* **Exercise prompt**:
Could you print the listing again exactly, omitting the pictures?
··· Data below ···
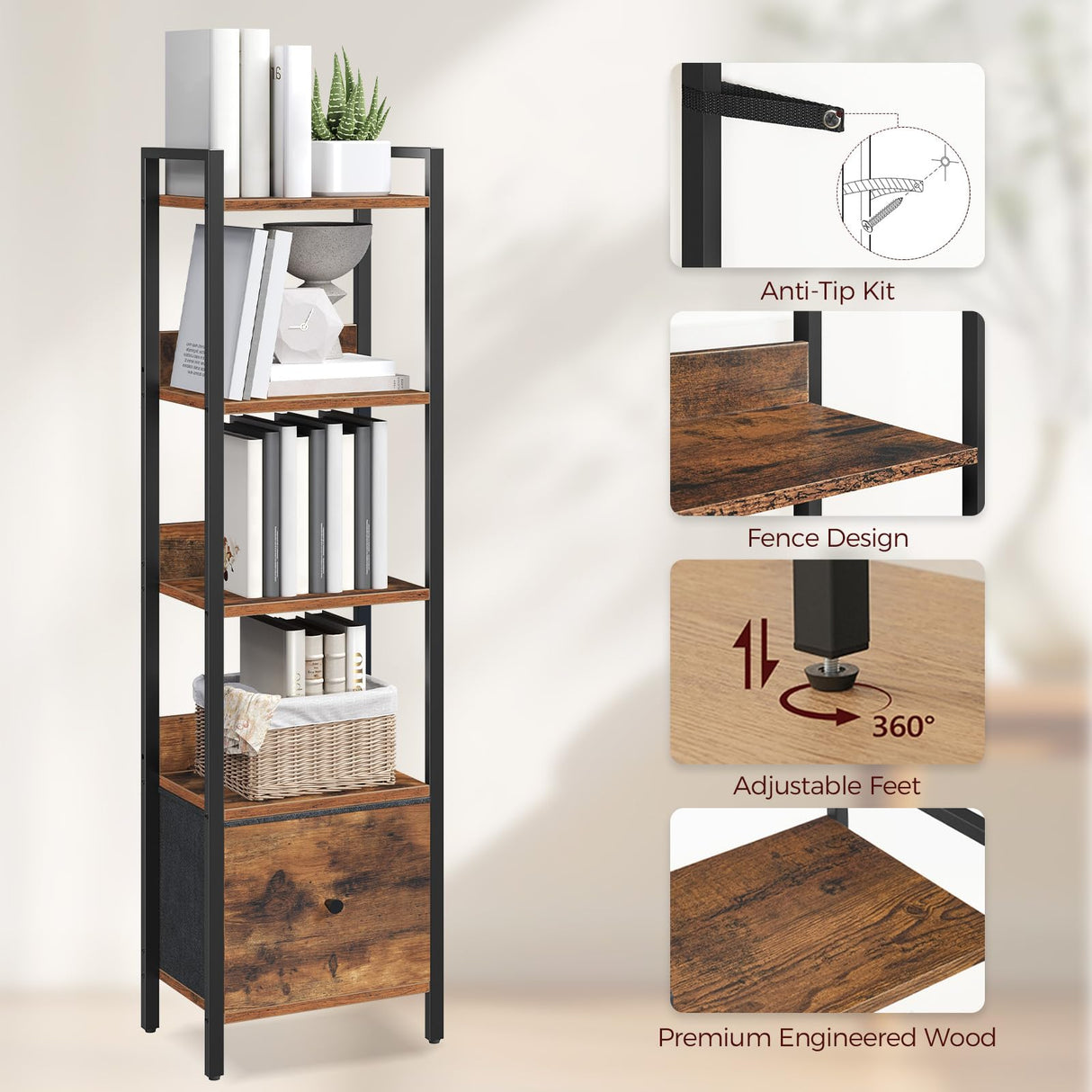MAHANCRIS Bookshelf, 5-Tier Bookcase with Drawer, Small Book Shelf for Small Space, Storage Shelf Organizer, for Living Room, Bedroom, Study, Kitchen, Rustic Brown and Black BKHR55101 MAHANCRIS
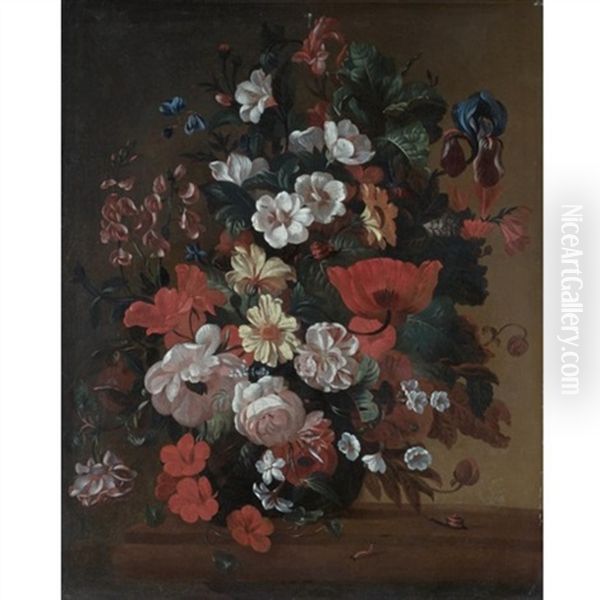 Still Life With Roses, Irises And Other Flowers In A Glass Vase On A Stone Ledge - view 1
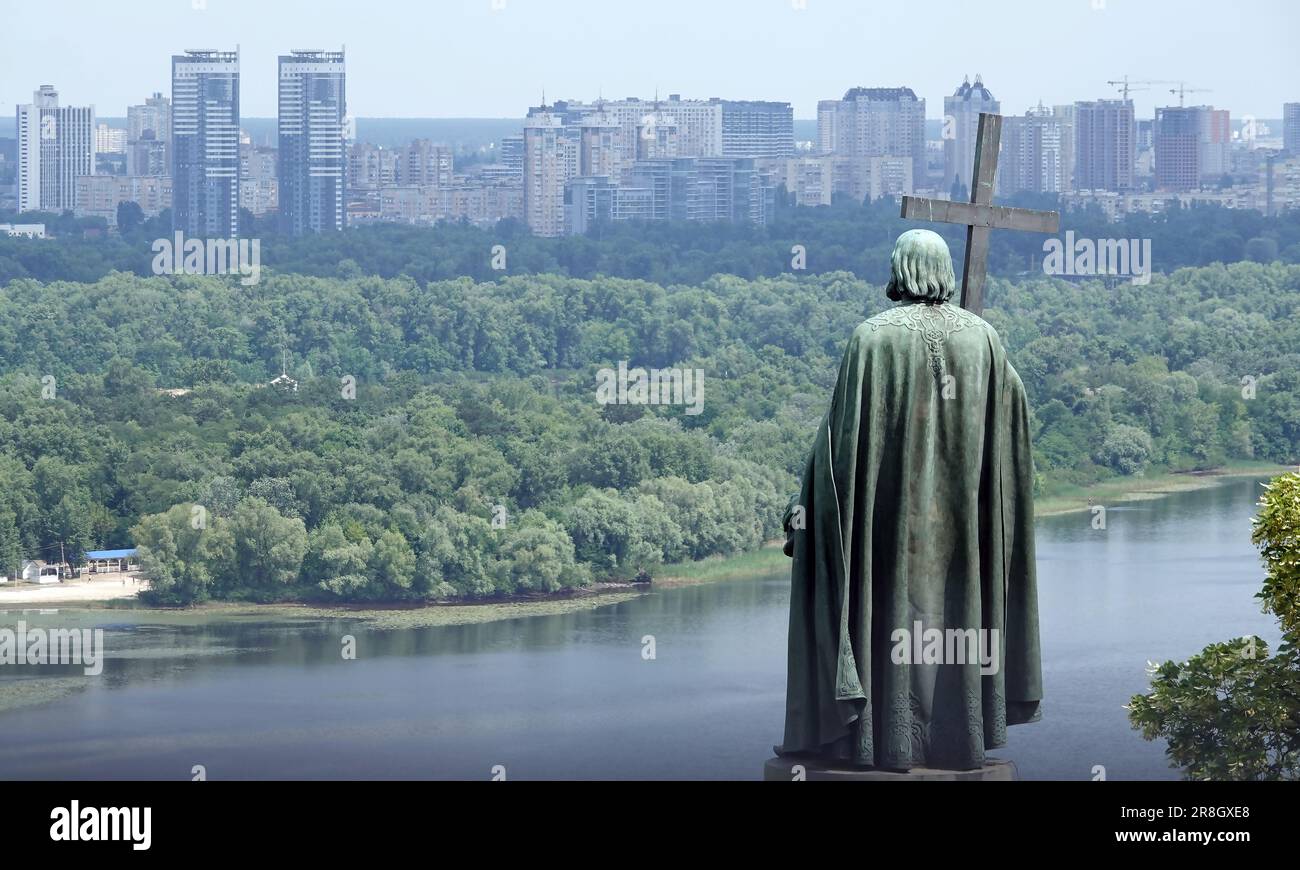 Kyiv, Ukraine June 17, 2023: the sculptural monument 'Kiev Prince Vladimir the Great on a pedestal with bas-reliefs' is located in the center of the c Stock Photo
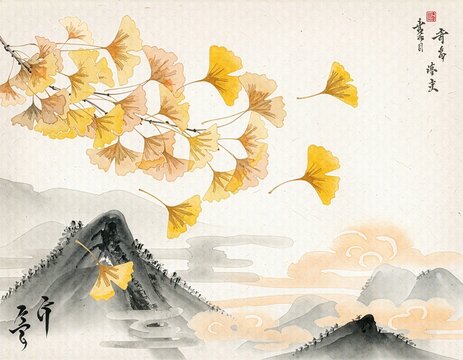 Delicate branch with yellow ginkgo leaves arching over a misty monochrome river valley landscape painted in traditional Oriental style.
···
* **Answer section**:
MAHANCRIS Bookshelf, 5-Tier Bookcase with Drawer, Small Book Shelf for Small Space, Storage Shelf Organizer, for Living Room, Bedroom, Study, Kitchen, Rustic Brown and Black BKHR55101 MAHANCRIS
 Still Life With Roses, Irises And Other Flowers In A Glass Vase On A Stone Ledge - view 1
 Kyiv, Ukraine June 17, 2023: the sculptural monument 'Kiev Prince Vladimir the Great on a pedestal with bas-reliefs' is located in the center of the c Stock Photo
 Delicate branch with yellow ginkgo leaves arching over a misty monochrome river valley landscape painted in traditional Oriental style.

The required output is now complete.